APADEP: E qual a opinião do senhor sobre a paridade entre as carreiras jurídicas? Há um anteprojeto de lei que tramita no Executivo prevendo a correção dessa distorção e o Secretário de Justiça de SP chamou de absurda tal reparação. Como o senhor avalia essa questão?

Reale: Não existe nada que justifique essa diferenciação que se estabelece no plano da remuneração, no plano na igualdade entre aquelas que se constituem como peças essenciais da administração da Justiça. O defensor público é, como todo advogado que se acresce exatamente essa tarefa pública, um elemento essencial para a administração da Justiça, como a própria Constituição Federal determina. Pode haver sim dificuldades orçamentárias, mas creio que não existe, em sua substância, no seu mérito, nenhuma divergência que se possa estabelecer entre um defensor e um promotor. A verdade é que deve haver uma igualdade de tratamento.

APADEP: Há outro anteprojeto de lei tramitando no Executivo que prevê a criação de 100 cargos por ano, nos próximos quatro anos. O senhor acha razoável estes números?

Reale: Acho que sim. Já é até insuficiente para a demanda, para aquilo que é necessário. Devia o quanto antes esse projeto de lei ser aprovado porque os concursos não são realizados de uma hora para outra. Tem todo um procedimento que leva tempo. É fundamental que esse projeto de lei seja aprovado o quanto antes.

APADEP: Em um editorial na época da não renovação do convênio com a Defensoria, por parte da OAB, o “Estadão” emitiu opinião de que a Ordem estava agindo como entidade sindical, não primando pelo interesse público, já que estava defendendo os advogados recém saídos das inúmeras faculdades de Direito…

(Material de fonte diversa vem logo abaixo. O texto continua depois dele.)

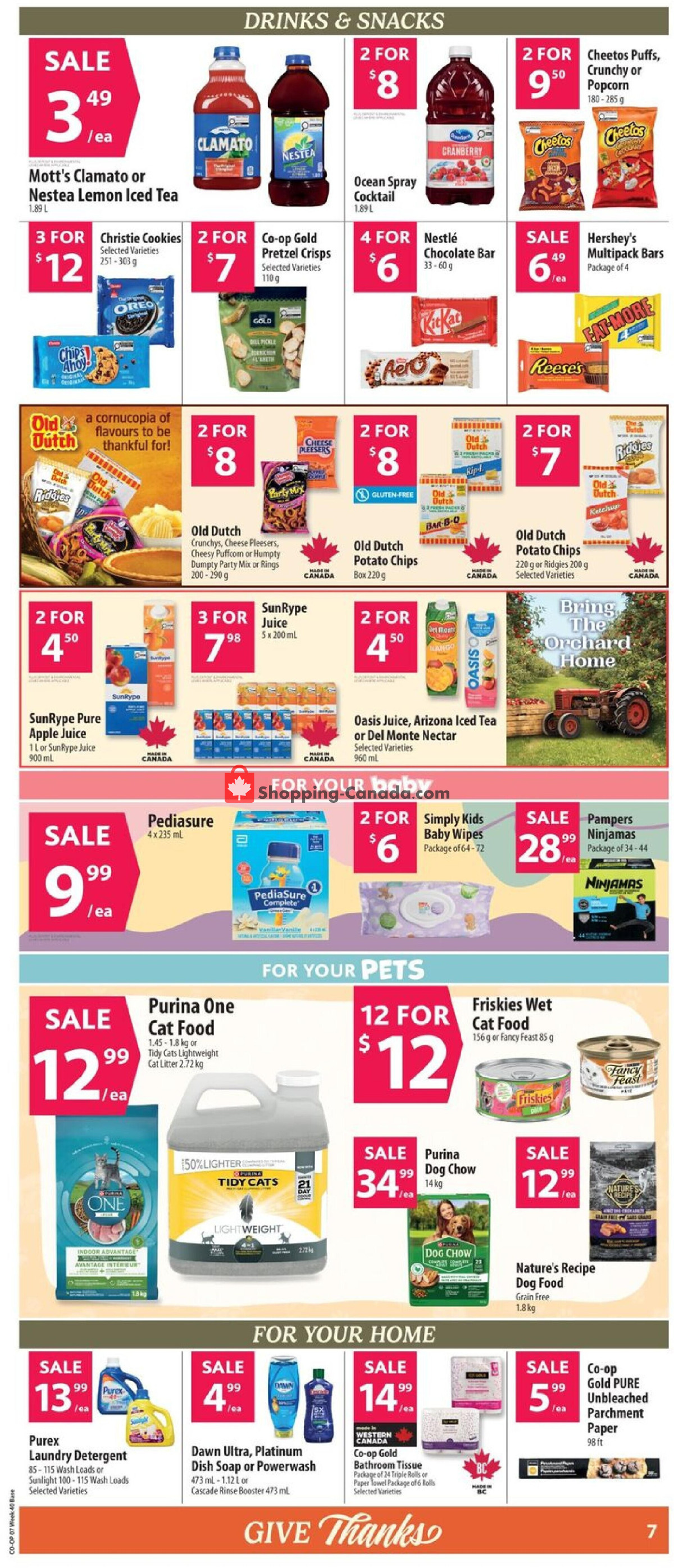 Co-op flyer from Thursday October 1, 2026 to Wednesday October 7, 2026 - page 14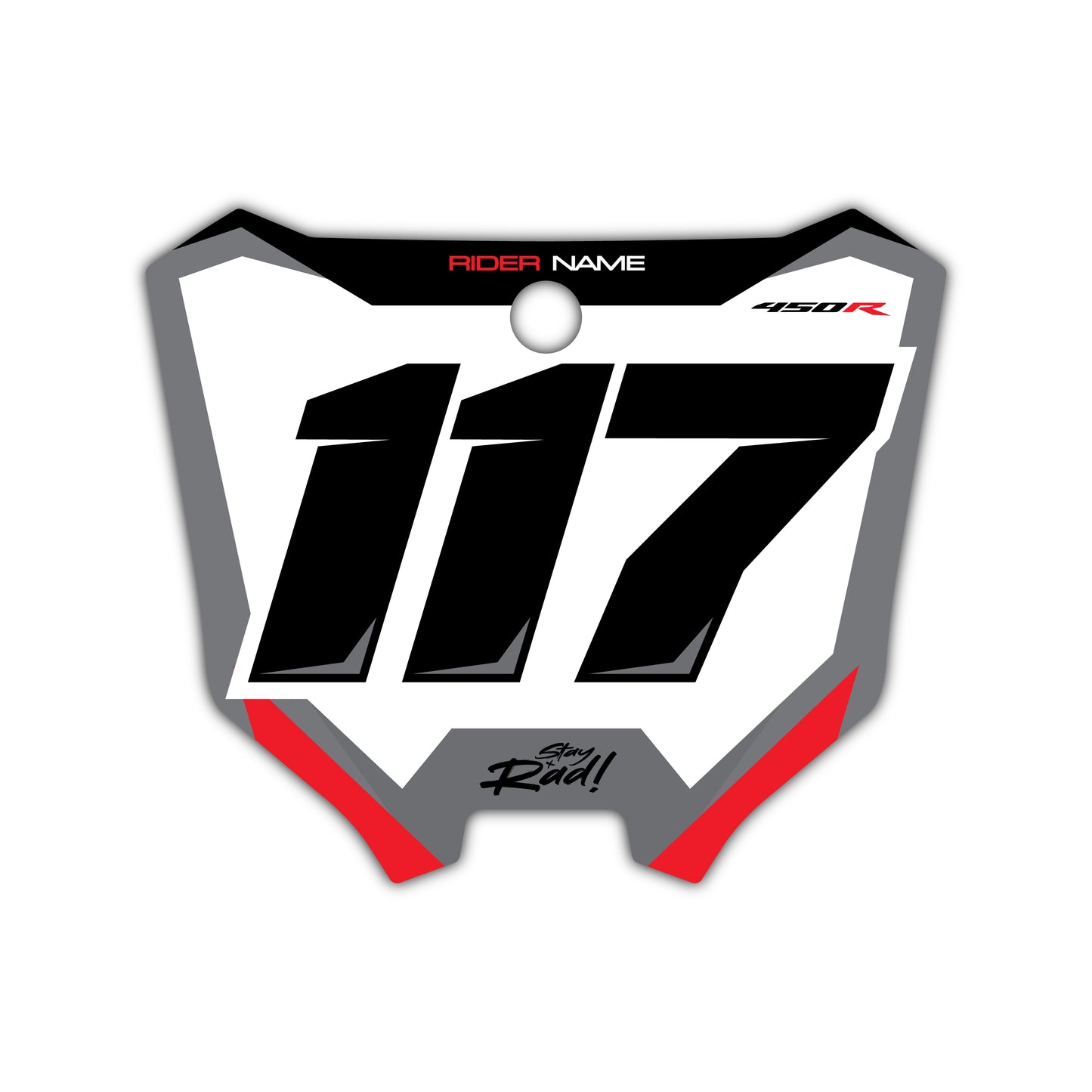 Front Number Plate Graphics Kit - Fits Honda CRF250R, CRF450R, CRF450RX, CR125, CR250
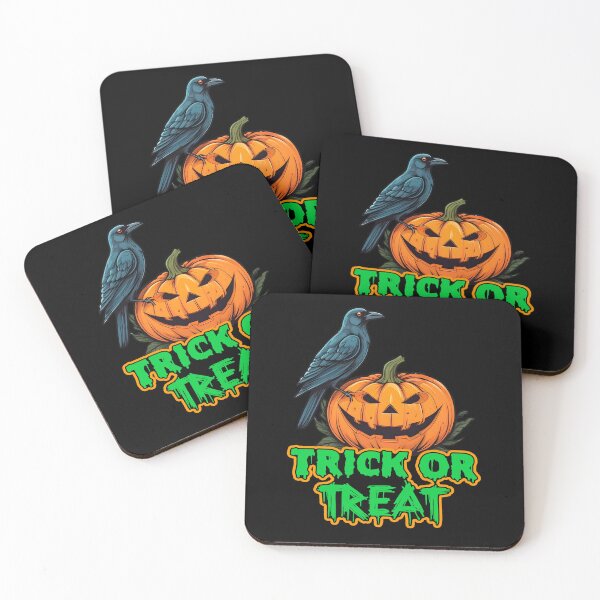 Item preview, Crow & pumpkin trick or treat designed and sold by CharmSpell.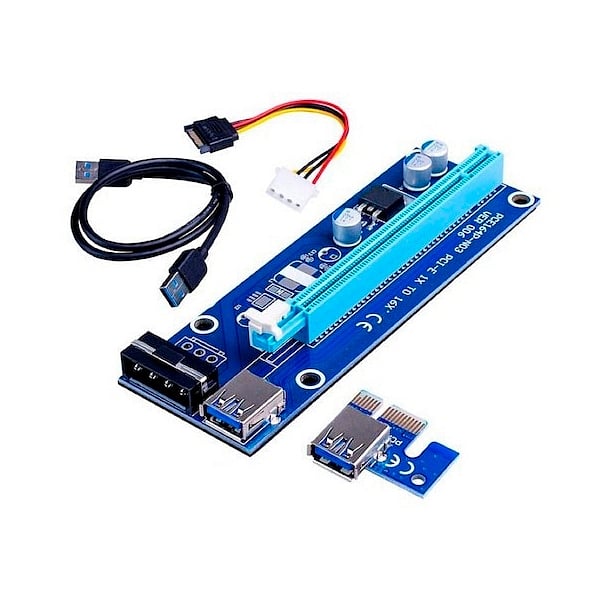 Riser Card RS006 PCIe 1x16 USB31 Molex  Adaptador PCIE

Reale: Atualmente, você tem um número muito grande de reprovação nos exames de ordem, mas isso não impede o crescimento vertiginoso do número de advogados. Passa-se por um momento difícil na advocacia, que é a proletarização da classe. Isso tem feito com que algumas comarcas, por exemplo, estejam com um percentual de 90% dos advogados inscritos na subseção que se mantém graças aos convênios. Então, isso também é uma deformação. Que paulatinamente tem de ser superada. Porque o convênio é o extraordinário, a exceção. O normal seria termos uma Defensoria Pública com reais condições de prestar assistência judiciária e jurídica.